Consider creating a standard written template agreement that includes your program structure with additional open space, so each pair can customize it to their needs. The following are questions that you might pose to your pairs to help them customize theirs:
- What are your primary goals for this relationship?
- What do you need to function effectively in your peer coaching relationship?
- What is your preferred communication approach? Consider both style (for example, direct, supportive, challenging, etc.) and method (email, virtual meetings, face-to-face, etc.)
- How do you prefer to receive feedback from your peer coach?
- How do you prefer to address potential misunderstandings or disagreements with your peer coach?
A lightly held structure is necessary for your program’s success. However, once guidelines are established pairs should focus on mutual goals, not methods.
Prepare and support your peer coaches
Hold a group orientation to introduce the purpose and intended outcomes at the beginning of the program. Peer coaches should know that the intended outcome is to create an empathic organizational culture. Use a flipped classroom where the coaches acquire useful methods and skills for goal setting, giving and receiving feedback and creating psychological safety as prework. Use the in-person portion to begin building empathy through hands-on peer-coaching activities. Have your dyads hold their first peer coaching session and practice the knowledge that they’ve acquired from each other.

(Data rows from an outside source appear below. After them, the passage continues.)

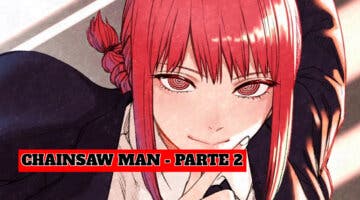Imagen de Chainsaw Man: La parte 2 del manga aún se hará esperar un poco más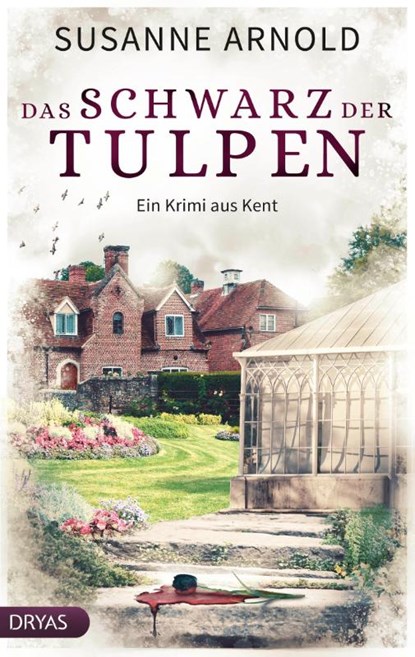 Das Schwarz der Tulpen, Susanne Arnold - Paperback - 9783986720520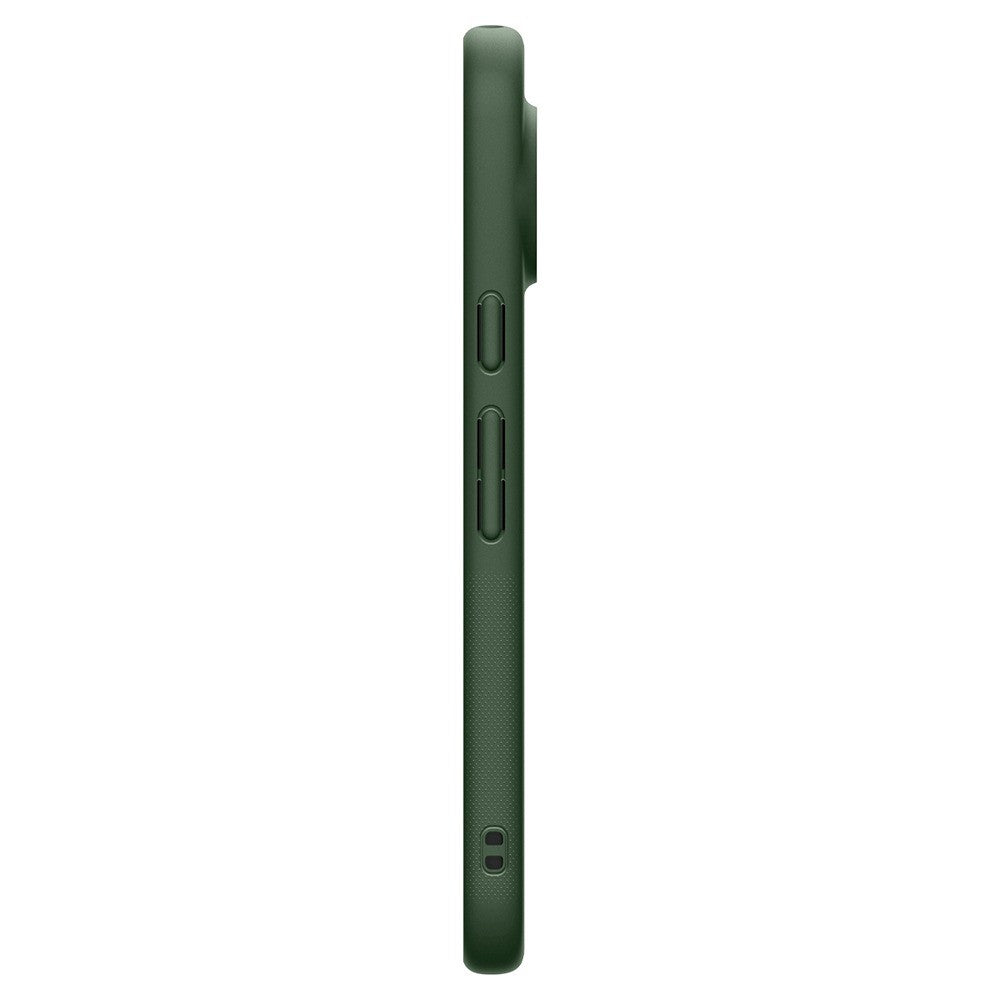 Spigen Google Pixel 11 Pro Deksel Nano Pop MagFit Avo Green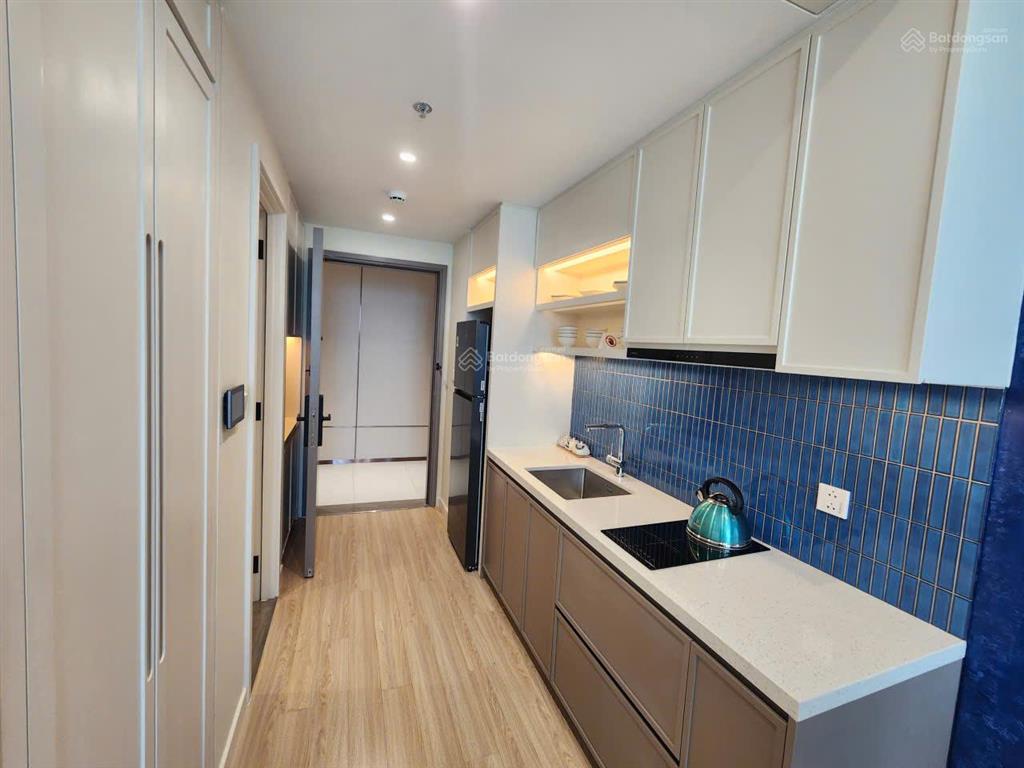 Lịch bán căn góc duy nhất tầng cao view pháo hoa giá rẻ tầng 24 căn 26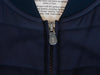 Brunello Cucinelli Navy Blue Eco Feather Quilted Jacket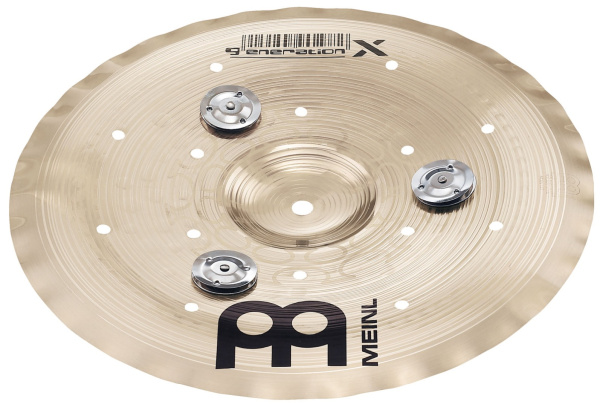 MEINL GX-14FCH-J 14" MEINL GX-14FCH-J 14"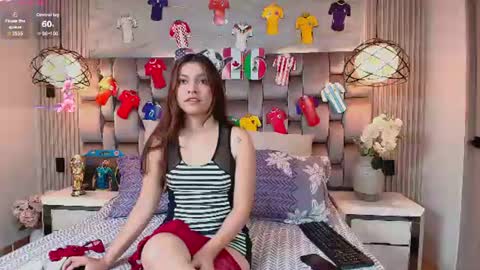 GabyEvans online show from 06.30.26
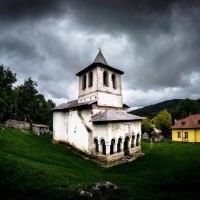 Mănăstirea lui Constantin Brâncoveanu- comoara orașului Baia de Arama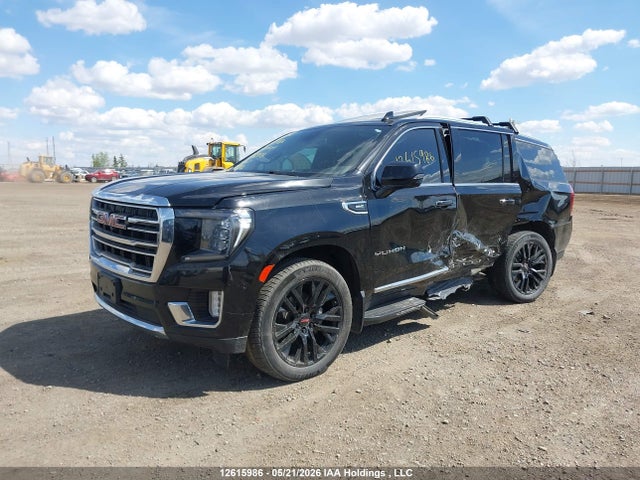 1GKS2GKD0MR438258 GMC Yukon Xl K1500 Slt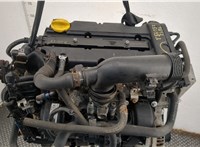  Двигатель (ДВС) Opel Astra H 2004-2010 20712427 #5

After the orientation, ensure the success of the program by periodically checking in with peer coaches to evaluate the effectiveness of the program and the pairs. Also, share conversational prompts that the pairs could use together, assignments and resources to reinforce empathic skills development and reinforce peer learning best practices.
Set the stage for skill transfer
At the end of the program, gather participants to facilitate a discussion about what they learned about themselves, what they achieved and how the program enabled them to deepen their empathy. Have them reflect on how they will transfer this learning to how they lead their teams and interact with their peers and other internal and external stakeholders.
Peer coaching as a proven learning method effectively nurtures empathy skills development. As a cost-effective and practical approach, peer coaches are provided with timely feedback to their specific leader-employee needs. Furthermore, peer coaching directly supports leadership skills development impacting employee retention and organizational culture.